Start of Exercise data

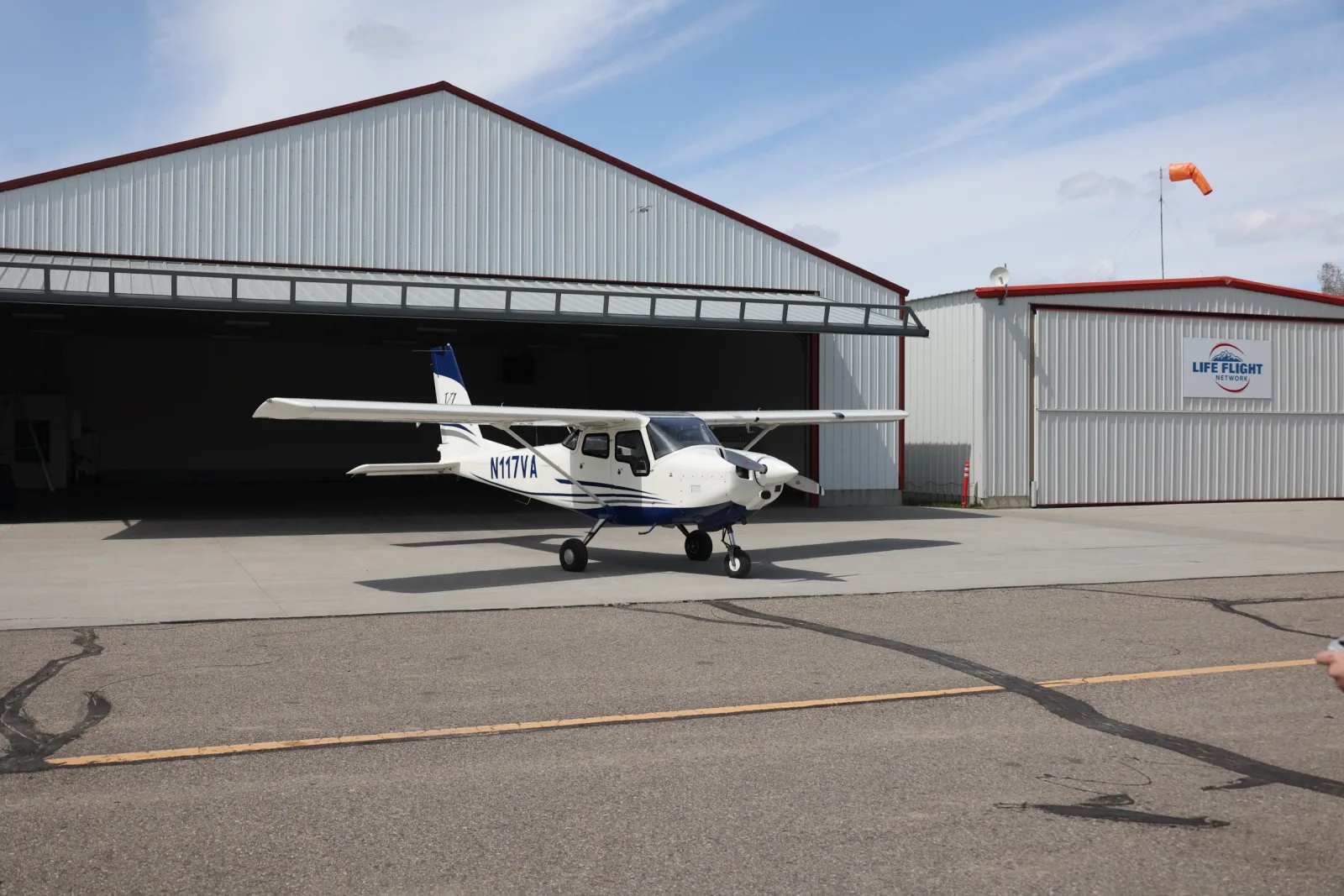Aircraft parked in the open hangar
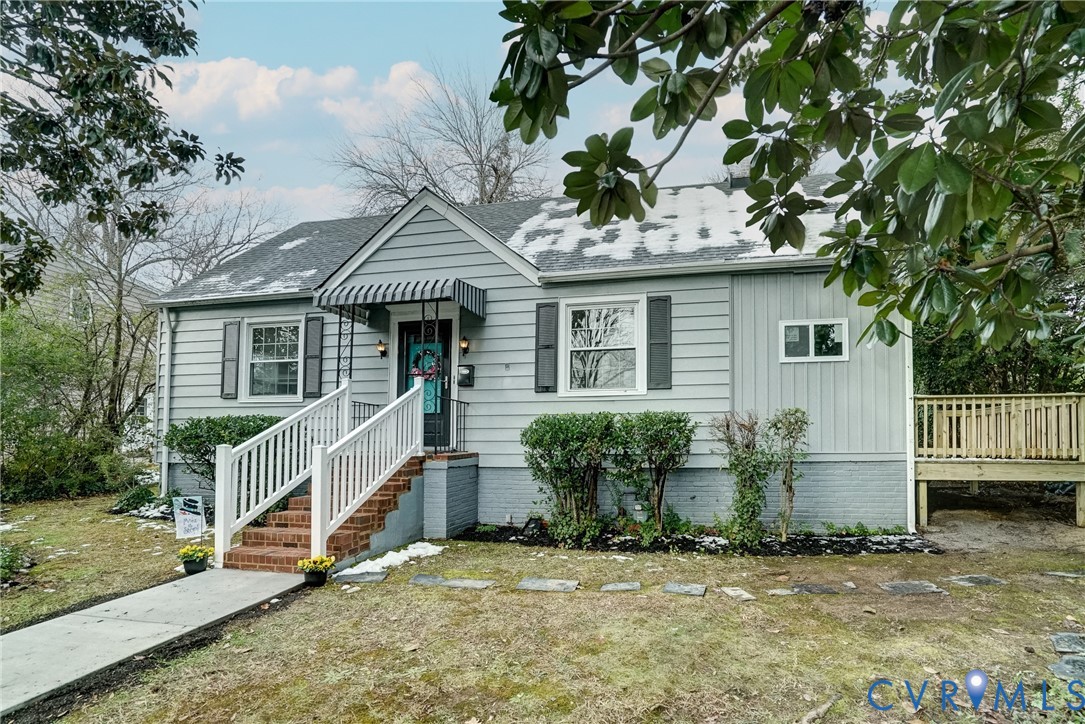 a house that has a tree in front of the house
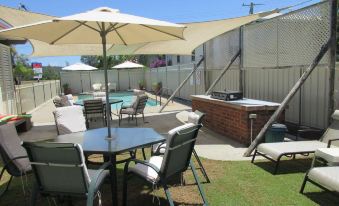 a backyard with a swimming pool surrounded by patio furniture , including chairs and a dining table at Waterview Motel Maclean
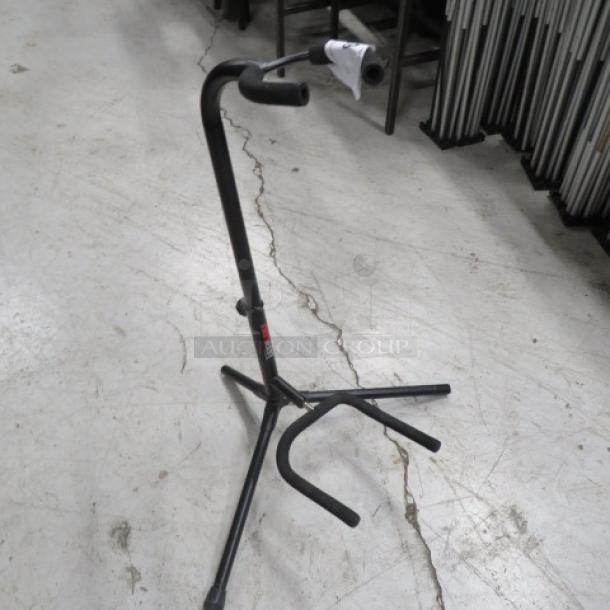 Adjustable black metal instrument stand in good condition, featuring a tripod base and rubber padding. Ideal for supporting various instruments.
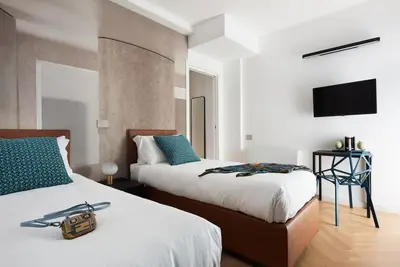 a bedroom with two beds and a flat screen tv at Idyllia - Maia luxury apartment in Rome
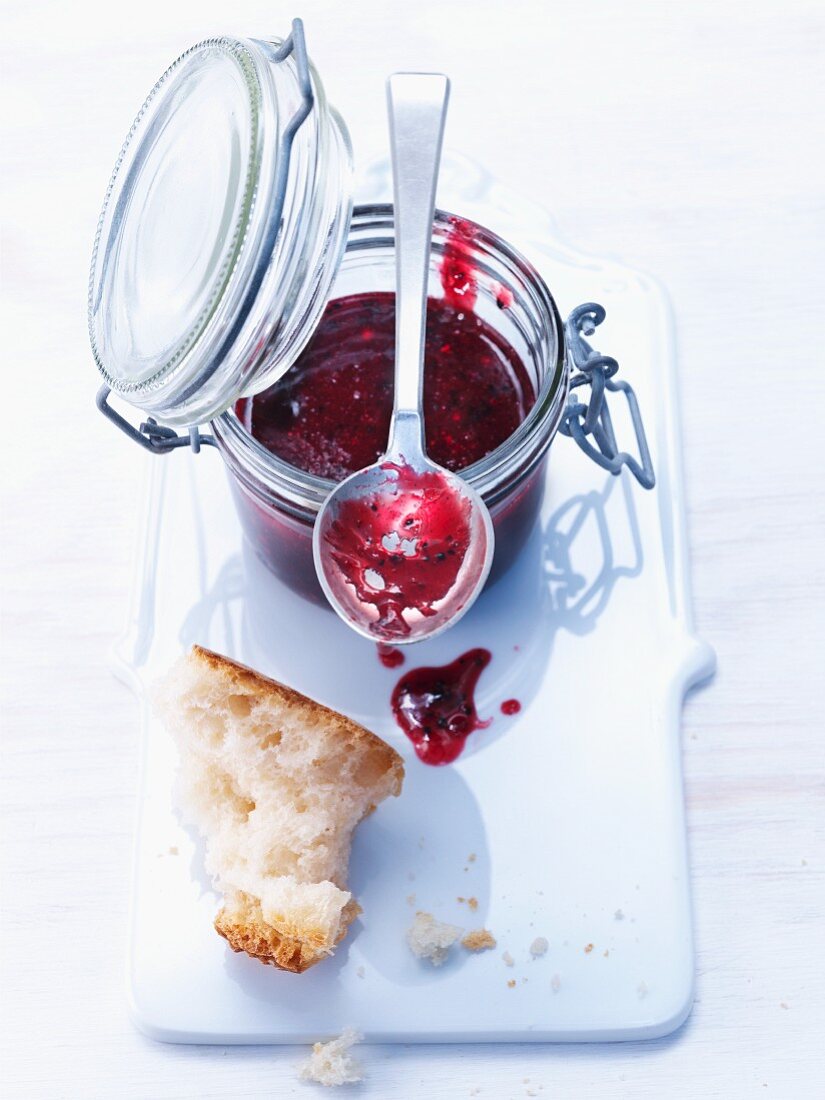 Berry fruit jam and a slice of bread
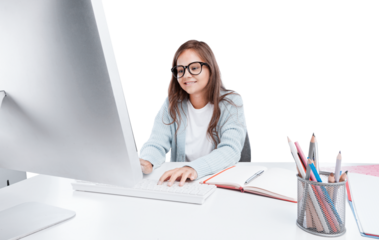 Happy smiling girl student watching learning online video class on a laptop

End of Exercise data

§ **Exercise**
Only the text of the entries belongs in the answer, copied exactly; the pictures stay out.

§ **Task answer**
Aircraft parked in the open hangar
 a house that has a tree in front of the house
 a backyard with a swimming pool surrounded by patio furniture , including chairs and a dining table at Waterview Motel Maclean
 Adjustable black metal instrument stand in good condition, featuring a tripod base and rubber padding. Ideal for supporting various instruments.
 a bedroom with two beds and a flat screen tv at Idyllia - Maia luxury apartment in Rome
 Berry fruit jam and a slice of bread
 Happy smiling girl student watching learning online video class on a laptop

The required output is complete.